= Northern High School (Baltimore) =

Public secondary school in Baltimore, Maryland, United States

Northern High School was a high school in the Baltimore City Public Schools system.

The school mascot was the Viking. The school yearbook was the Valhalla. The address was 2201 Pinewood Ave; Baltimore, MD 21214. The school colors were green and white, but some graduating year's also had their own mascot and colors. The school initially was to have 7 - 12th grades with a combined Junior and Senior High in the same building. It opened in September 1965 with 7th and 10th grades. Due to foreseen overcrowding September 1966 classes were 8th, 10th and 11th grades. September 1967 classes were for 9th, 10th, 11th and 12th grades. The first graduating class was June 1968. In September 1968 classes started with 10th 11th and 12th grades.
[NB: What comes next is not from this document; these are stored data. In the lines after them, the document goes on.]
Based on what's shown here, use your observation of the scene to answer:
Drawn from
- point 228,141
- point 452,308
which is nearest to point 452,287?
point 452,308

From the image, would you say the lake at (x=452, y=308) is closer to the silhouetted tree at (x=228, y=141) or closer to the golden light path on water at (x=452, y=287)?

In the 1960s the school was mostly college prep with a high percentage of students going on to college. There were also work study programs associated with the school.
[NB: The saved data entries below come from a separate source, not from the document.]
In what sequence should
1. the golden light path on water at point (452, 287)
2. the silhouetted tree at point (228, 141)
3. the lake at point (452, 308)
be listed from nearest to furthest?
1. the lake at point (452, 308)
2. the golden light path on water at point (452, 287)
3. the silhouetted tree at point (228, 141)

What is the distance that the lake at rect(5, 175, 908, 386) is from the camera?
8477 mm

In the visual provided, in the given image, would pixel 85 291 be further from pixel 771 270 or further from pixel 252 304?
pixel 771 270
To promote further integration among Black and White students, some Black and White students were bussed from other neighborhoods, helping to make it a more racially diverse school. The city of Baltimore had a policy of letting students pick their high school and many Blacks choose Northern High School. White students were given a limited choice. Students rode public buses for free, which helped if the chosen school was distant.

There were a number of sports teams: Football, basketball, baseball, soccer, swimming in a 4-lane pool (Division II undefeated in 1969), cross country running, track and field, volleyball, tennis, wrestling, gymnastics, softball and lacrosse. There were cheerleaders, a modern dance group, a jazz ensemble, chess club, and yearbook.
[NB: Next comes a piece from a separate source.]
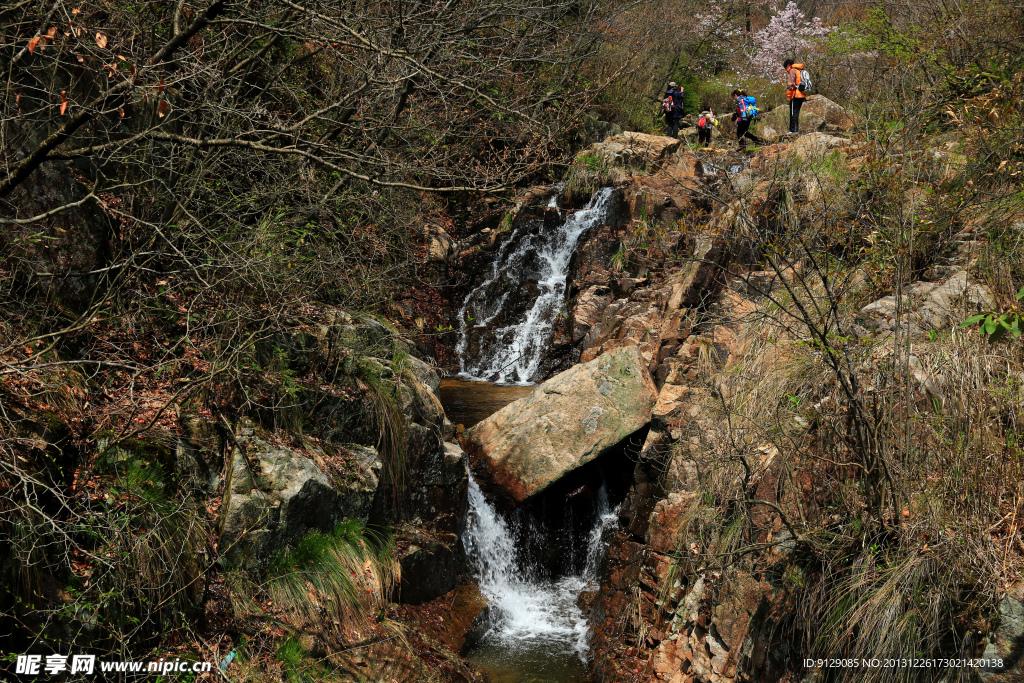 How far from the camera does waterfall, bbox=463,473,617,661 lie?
233 inches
"Incognito" included student creative writing and students contributed to You're the Critic which featured critical reviews by Baltimore City High School students. There was also a student government.

A number of classes were available to students, such as: English, Geometry, Algebra, Trigonometry, Calculus, Social Studies, Biology, Art, Drama, Photography, Reading, French, Spanish, German, Typing, Sociology, Psychology, Drafting, and others. Some community college classes were offered after regular school hours on the Northern High School campus.

The class of 1969 had over 1,000 graduating students and was the largest graduating class on record at that time. For the class of 1977, the city comptroller, Hyman Pressman, read a poem for graduation.

Due to overcrowding in the 1970s in many Baltimore City Schools. There were at least 4 or more years starting in the late 60's at Northern High School when students attended on shifts all year, with juniors and seniors attending 8 A.M. to 2 P.M. with sophomores and lower grades initially attending 10 A.M. to 4 P.M. Lunch times were staggered from 10 A.M. to 2 P.M allowing the school to have sufficient class rooms for teaching. Starting in September 1968 Northern High School was a 3 year school. Many students transferred to Northern High School after Junior High School of grades 7, 8, and 9. During these times freshman who wanted to attend Northern could not and had to wait until their sophomore year due to the over crowding. Once enrollment went down below 2600 students, some extra classrooms were added in pods or trailers, during the summer of 1977, and the school was again full-time. Many students from the morning session went on directly into the workforce and many in the afternoon session went directly to college.

In 1997 the administration issued a wave of mass suspensions to members of the student body to try to curb discipline issues.

In 2002 the school system discontinued Northern High School and put Reginald F. Lewis High School and W.E.B. DuBois High School in the former Northern building.